_What you should do_: Below are the entries; give again exactly the lines from the one mentioning "SPI Digital Heavy" through the one mentioning "2026 Porsche Macan T - Photo 20", inclusive.

_Given entries_:
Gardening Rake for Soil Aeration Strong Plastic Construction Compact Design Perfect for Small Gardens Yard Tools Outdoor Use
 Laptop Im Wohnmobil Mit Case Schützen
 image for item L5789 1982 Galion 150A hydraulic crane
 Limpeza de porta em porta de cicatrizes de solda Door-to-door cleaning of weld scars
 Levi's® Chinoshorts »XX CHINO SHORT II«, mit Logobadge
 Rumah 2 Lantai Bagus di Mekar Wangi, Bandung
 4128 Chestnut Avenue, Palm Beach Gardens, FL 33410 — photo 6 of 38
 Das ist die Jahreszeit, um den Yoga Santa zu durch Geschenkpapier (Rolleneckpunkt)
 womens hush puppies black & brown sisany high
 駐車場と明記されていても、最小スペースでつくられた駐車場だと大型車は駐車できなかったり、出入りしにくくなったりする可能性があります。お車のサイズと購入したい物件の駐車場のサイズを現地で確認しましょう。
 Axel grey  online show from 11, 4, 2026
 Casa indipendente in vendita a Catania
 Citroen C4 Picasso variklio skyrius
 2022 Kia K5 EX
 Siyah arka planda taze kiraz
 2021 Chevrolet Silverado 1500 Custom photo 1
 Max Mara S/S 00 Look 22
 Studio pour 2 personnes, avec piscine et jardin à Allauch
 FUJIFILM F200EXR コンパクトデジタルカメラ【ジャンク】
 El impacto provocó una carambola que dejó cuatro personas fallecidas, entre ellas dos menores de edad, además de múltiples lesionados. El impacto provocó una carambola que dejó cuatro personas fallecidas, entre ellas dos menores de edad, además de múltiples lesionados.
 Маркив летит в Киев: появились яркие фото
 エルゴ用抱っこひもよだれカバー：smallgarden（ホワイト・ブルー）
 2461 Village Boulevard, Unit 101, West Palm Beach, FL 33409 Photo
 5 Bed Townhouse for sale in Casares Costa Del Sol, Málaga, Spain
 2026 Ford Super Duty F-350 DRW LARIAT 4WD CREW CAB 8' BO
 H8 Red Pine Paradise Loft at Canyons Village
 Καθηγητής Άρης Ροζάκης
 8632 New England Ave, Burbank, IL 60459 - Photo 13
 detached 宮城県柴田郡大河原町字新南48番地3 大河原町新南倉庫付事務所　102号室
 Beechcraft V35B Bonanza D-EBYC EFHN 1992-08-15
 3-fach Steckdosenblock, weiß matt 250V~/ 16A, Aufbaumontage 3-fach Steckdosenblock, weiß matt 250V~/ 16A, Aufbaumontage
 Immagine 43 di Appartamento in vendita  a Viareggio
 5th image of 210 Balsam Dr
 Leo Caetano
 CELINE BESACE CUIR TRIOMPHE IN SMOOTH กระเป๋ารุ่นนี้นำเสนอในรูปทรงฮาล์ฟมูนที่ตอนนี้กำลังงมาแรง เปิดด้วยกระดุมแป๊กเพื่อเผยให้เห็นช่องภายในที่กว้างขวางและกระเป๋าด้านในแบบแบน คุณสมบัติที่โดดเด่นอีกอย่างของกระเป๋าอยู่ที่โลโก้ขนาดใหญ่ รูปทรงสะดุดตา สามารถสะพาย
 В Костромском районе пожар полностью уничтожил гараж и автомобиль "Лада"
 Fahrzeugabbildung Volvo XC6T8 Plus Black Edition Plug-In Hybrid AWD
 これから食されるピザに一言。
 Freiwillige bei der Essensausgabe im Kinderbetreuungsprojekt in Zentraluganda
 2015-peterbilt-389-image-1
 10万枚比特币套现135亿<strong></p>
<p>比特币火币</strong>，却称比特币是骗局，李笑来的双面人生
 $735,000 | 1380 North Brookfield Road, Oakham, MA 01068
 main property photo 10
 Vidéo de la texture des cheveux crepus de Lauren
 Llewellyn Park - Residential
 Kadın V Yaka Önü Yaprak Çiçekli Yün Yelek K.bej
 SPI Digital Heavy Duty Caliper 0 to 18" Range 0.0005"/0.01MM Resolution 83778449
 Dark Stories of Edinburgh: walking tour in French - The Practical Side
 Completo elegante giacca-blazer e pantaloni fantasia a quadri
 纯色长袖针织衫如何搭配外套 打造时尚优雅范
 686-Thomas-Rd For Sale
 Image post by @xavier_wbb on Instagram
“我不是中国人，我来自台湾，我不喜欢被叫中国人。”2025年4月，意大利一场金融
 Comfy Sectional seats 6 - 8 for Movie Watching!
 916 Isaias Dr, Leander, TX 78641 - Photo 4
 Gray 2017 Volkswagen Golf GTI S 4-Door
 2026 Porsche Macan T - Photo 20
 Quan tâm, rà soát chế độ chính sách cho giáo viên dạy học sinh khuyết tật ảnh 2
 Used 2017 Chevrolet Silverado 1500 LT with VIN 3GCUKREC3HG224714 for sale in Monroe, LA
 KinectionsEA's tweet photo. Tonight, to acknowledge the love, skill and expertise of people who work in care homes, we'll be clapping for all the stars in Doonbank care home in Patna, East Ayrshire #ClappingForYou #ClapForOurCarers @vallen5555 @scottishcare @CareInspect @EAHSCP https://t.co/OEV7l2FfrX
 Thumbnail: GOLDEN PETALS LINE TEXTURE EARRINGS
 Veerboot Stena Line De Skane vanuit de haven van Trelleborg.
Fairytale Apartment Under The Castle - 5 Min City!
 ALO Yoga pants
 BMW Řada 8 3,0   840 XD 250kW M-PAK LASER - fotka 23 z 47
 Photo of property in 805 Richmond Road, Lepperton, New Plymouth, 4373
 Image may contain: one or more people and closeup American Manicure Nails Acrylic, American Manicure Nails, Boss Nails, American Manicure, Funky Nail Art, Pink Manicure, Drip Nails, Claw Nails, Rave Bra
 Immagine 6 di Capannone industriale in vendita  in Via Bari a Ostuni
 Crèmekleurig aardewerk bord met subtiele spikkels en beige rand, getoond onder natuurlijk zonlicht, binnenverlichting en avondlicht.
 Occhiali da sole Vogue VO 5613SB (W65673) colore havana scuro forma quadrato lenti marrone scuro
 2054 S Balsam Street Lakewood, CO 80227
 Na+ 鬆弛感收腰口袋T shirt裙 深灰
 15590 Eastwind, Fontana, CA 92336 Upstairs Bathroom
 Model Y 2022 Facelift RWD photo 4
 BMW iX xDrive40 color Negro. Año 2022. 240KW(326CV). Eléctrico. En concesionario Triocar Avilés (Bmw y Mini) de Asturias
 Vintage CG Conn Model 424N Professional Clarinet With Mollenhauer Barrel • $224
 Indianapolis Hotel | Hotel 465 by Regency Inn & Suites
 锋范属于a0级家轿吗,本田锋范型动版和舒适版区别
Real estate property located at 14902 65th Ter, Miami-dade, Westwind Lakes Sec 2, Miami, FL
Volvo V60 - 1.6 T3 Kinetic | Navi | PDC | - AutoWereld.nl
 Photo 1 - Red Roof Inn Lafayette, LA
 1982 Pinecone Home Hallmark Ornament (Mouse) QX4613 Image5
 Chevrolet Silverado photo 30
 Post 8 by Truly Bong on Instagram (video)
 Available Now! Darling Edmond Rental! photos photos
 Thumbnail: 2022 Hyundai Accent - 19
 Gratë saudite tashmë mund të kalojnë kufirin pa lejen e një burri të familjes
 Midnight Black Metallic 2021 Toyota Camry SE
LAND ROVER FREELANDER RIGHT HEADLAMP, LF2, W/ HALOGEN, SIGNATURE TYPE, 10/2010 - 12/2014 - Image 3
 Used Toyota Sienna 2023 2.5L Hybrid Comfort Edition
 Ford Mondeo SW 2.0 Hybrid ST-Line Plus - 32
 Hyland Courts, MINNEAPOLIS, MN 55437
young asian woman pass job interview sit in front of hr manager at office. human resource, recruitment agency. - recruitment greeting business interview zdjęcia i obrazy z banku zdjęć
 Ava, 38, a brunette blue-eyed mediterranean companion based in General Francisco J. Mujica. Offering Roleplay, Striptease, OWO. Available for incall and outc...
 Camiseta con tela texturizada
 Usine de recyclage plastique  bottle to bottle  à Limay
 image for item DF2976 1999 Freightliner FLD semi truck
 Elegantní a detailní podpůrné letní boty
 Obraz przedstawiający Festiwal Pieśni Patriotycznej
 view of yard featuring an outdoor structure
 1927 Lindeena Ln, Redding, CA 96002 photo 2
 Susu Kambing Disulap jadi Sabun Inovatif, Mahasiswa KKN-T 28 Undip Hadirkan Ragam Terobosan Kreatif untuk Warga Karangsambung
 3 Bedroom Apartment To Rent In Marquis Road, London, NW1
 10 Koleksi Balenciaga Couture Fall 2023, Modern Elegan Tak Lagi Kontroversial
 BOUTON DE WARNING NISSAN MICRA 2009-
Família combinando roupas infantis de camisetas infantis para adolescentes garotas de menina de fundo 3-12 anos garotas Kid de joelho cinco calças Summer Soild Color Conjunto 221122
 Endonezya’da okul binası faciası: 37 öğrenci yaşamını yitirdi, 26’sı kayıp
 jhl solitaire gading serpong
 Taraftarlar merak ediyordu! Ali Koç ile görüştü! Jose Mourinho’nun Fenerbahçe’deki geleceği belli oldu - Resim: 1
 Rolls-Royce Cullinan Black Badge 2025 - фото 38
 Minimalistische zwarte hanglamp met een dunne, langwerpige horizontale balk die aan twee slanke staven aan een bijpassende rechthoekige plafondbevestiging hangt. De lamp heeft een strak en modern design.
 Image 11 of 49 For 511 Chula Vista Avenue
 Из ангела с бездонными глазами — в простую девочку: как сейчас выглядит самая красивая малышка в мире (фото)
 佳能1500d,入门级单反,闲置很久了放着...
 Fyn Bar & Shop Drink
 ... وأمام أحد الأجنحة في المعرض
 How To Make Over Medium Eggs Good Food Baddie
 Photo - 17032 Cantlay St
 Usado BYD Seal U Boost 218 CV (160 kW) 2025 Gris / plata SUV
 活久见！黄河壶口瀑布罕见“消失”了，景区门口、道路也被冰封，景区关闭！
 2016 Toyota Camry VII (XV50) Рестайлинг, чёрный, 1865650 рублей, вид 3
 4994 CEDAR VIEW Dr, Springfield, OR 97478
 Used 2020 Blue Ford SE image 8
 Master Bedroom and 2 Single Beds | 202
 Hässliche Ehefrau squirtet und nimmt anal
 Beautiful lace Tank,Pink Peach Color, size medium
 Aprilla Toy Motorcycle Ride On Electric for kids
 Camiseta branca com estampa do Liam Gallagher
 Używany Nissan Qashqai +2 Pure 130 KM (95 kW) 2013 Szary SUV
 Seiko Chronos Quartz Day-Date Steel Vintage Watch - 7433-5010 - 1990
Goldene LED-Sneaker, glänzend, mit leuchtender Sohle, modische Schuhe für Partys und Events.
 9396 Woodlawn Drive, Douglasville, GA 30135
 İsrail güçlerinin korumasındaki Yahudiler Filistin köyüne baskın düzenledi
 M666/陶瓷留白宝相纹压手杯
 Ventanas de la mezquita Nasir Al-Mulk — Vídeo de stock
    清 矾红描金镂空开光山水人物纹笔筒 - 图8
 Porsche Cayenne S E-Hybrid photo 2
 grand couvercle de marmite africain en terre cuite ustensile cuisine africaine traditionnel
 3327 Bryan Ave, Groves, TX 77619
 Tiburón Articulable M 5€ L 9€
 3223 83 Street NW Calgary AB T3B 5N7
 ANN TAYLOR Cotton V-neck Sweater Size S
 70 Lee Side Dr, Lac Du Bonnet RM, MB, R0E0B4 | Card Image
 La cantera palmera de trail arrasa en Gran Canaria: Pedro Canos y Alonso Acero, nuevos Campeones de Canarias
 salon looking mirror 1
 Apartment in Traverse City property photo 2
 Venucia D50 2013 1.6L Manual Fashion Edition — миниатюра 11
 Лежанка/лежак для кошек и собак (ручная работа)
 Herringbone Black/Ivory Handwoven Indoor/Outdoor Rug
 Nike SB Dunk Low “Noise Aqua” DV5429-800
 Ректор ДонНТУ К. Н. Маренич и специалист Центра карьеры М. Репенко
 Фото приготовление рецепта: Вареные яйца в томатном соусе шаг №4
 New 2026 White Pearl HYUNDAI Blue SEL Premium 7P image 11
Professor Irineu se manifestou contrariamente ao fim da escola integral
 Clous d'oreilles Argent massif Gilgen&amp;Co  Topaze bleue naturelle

_Your solution_:
 SPI Digital Heavy Duty Caliper 0 to 18" Range 0.0005"/0.01MM Resolution 83778449
 Dark Stories of Edinburgh: walking tour in French - The Practical Side
 Completo elegante giacca-blazer e pantaloni fantasia a quadri
 纯色长袖针织衫如何搭配外套 打造时尚优雅范
 686-Thomas-Rd For Sale
 Image post by @xavier_wbb on Instagram
“我不是中国人，我来自台湾，我不喜欢被叫中国人。”2025年4月，意大利一场金融
 Comfy Sectional seats 6 - 8 for Movie Watching!
 916 Isaias Dr, Leander, TX 78641 - Photo 4
 Gray 2017 Volkswagen Golf GTI S 4-Door
 2026 Porsche Macan T - Photo 20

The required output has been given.